§ **Source material**:
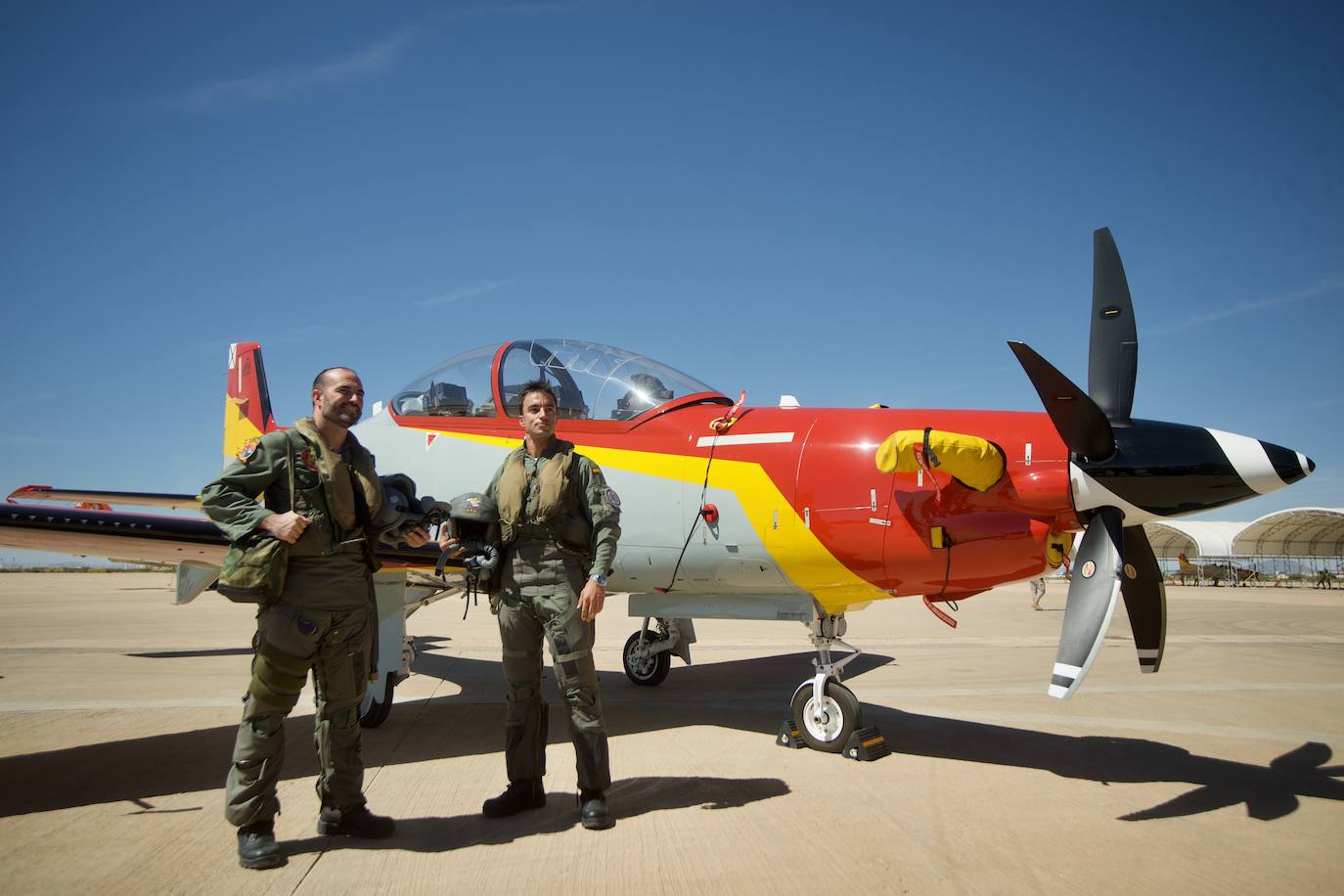 Fotos: Los futuros pilotos de la AGA estrenan un nuevo avión de entrenamiento más moderno y eficiente, en imágenes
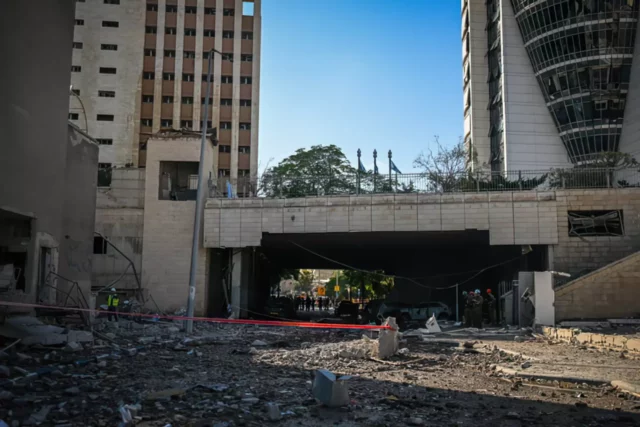 Israel publica imágenes del impacto de un misil iraní junto a edificio gubernamental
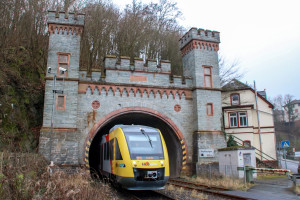 Ein LINT der HLB verlässt den Weilburger Tunnel auf der Lahntalbahn, aufgenommen am 29.12.2018.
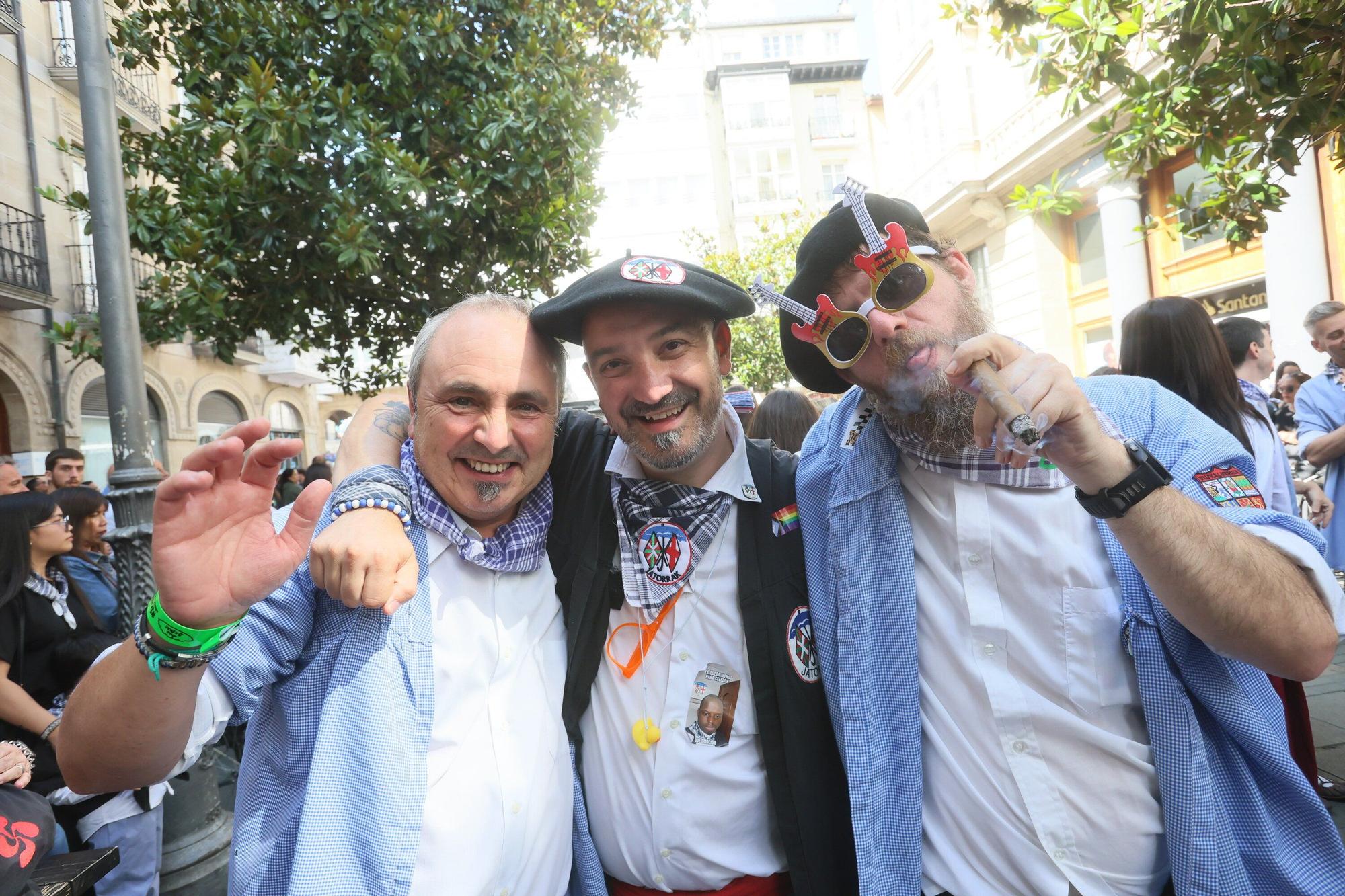 En imágenes: Blusas y neskas desfilan en una kalejira por Santiago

§ **Work instructions**: Strip out the pictures and quote the remaining data word for word.

§ **Task answer**:
 Fotos: Los futuros pilotos de la AGA estrenan un nuevo avión de entrenamiento más moderno y eficiente, en imágenes
 Israel publica imágenes del impacto de un misil iraní junto a edificio gubernamental
 Ein LINT der HLB verlässt den Weilburger Tunnel auf der Lahntalbahn, aufgenommen am 29.12.2018.
 En imágenes: Blusas y neskas desfilan en una kalejira por Santiago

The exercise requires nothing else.